Si « Denali » était basée sur des faits réels, avec « Freedom Club », Nicolas Le Bricquir se lance dans le domaine de la dystopie. Certains comparent même cette pièce à un épisode de « Black Mirror » qui deviendrait vivant. Et tous les ingrédients en sont présents : une situation qui pourrait être réelle avec la présence de grands hommes de notre monde dans la ville de Paris et une avancée des technologies qui semble tout à fait plausible. Le spectateur est placé en tension dès les premières minutes de la pièce. Il découvre ce qui s’est passé avant au fur et à mesure de l’action, à la fois grâce aux échanges entre les personnages mais aussi grâce aux journaux télévisés. On ne peut que saluer l’utilisation des écrans de télévision (ceux des années 90) au plateau : tournés vers les comédiens, le public ne les voit qu’à un moment stratégique de l’action et ne peut donc qu’entendre les événements qui sont contés. Cela apporte une part d’imagination particulièrement intéressante mais aussi de frustration. L’être humain, fasciné par les écrans, s’en voit privé d’un coup alors qu’il en obtient le contenu sonore. L’action des membres du Freedom Club n’en apparaît que plus poignante puisque l’on connaît la force de l’imagination, toujours plus puissante que de simples images. Le spectateur devient un peu acteur de la situation, cherchant à imbriquer ce puzzle d’informations afin de bien comprendre le propos. Et ça fonctionne. Si des rires fusent parfois dans la salle, c’est justement parce que le public imagine parfaitement ce qu’il entend. On est happé par le récit. Nicolas Le Bricquir joue avec la posture du spectateur pour l’impliquer directement dans des faits qui pourraient le concerner. C’est brillant.

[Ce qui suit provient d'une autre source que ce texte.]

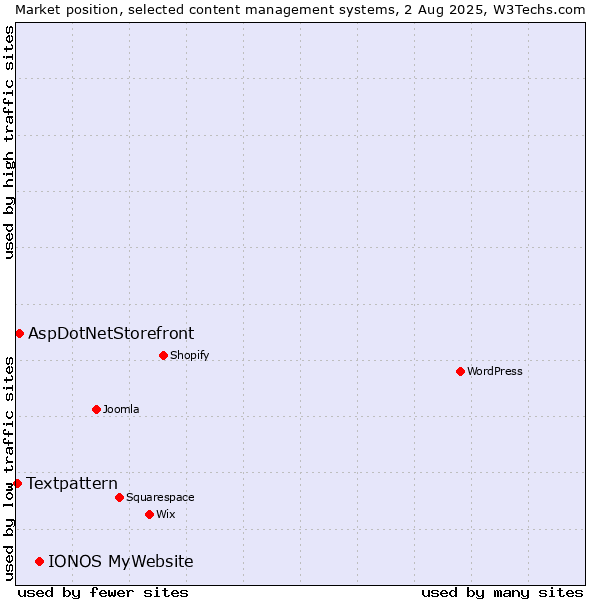 Market position of IONOS MyWebsite vs. AspDotNetStorefront vs. Textpattern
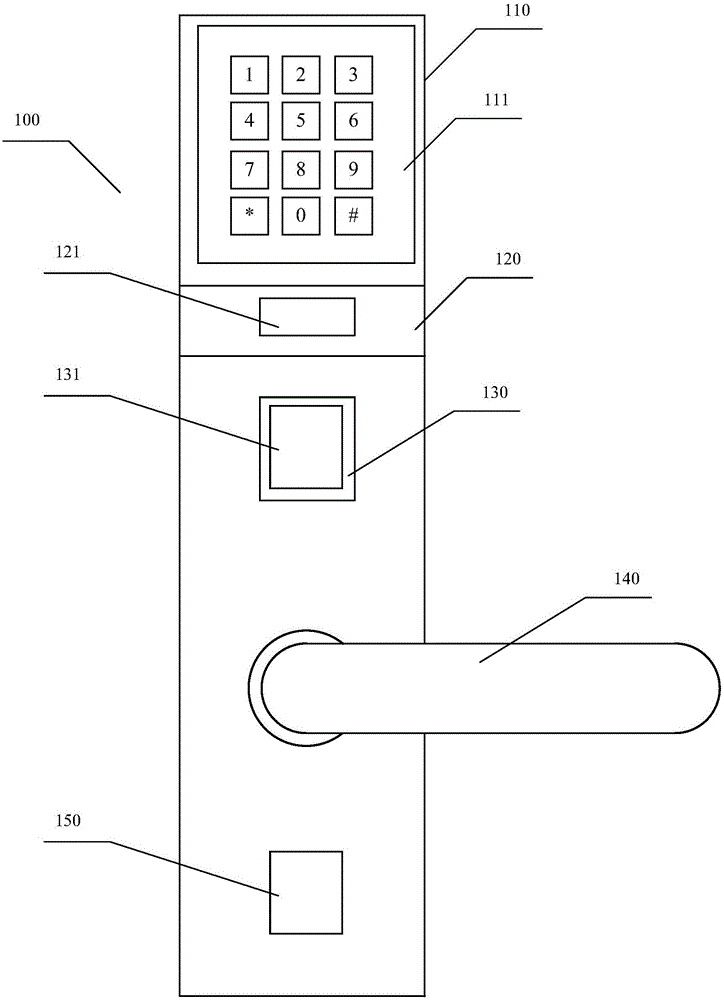 Smart door control lock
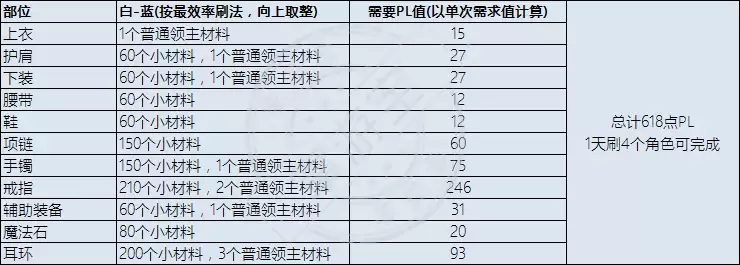 DNF巨龙的秘宝工作服制作周期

Sans trop en dévoiler pour ne pas gâcher la surprise, le public retrouve des éléments visuels qu’il avait aimés dans « Denali » avec l’utilisation des écrans en transparence pour figurer un laboratoire. Chaque passage est amené par des effets de lumière stroboscopique qui ancrent le spectateur dans le récit, le laissant quelques secondes ensuite dans le noir, créant une sorte de malaise. En effet, ce recours au changement de décor revient plusieurs fois mais surprend tout de même le public qui se retrouve systématiquement à l’intérieur d’un plot twist inquiétant. Cela a un effet de pause dans la narration, remettant à nouveau le spectateur en tension, lui donnant le temps de s’interroger sur ce qui va se passer, sur les différents enjeux qui seront posés. Ainsi Nicolas Le Bricquir emploie la technologie à bon escient pour faire entrer le public dans son histoire, tout en critiquant son utilisation par celle-ci (un peu comme Mélody Mourey dans « Big Mother »). On se dit qu’il va falloir compter sur cet auteur dans les années à venir pour nous bousculer dans nos habitudes théâtrales et venir nous chercher avec beaucoup d’intelligence et de réflexion. Donnant un aspect cinématographique à son récit (la musique y ajoutant une tension nouvelle), il s’amuse avec le spectateur pour mieux passer des messages. Un bon moyen de faire venir les jeunes générations dans les salles de spectacle. 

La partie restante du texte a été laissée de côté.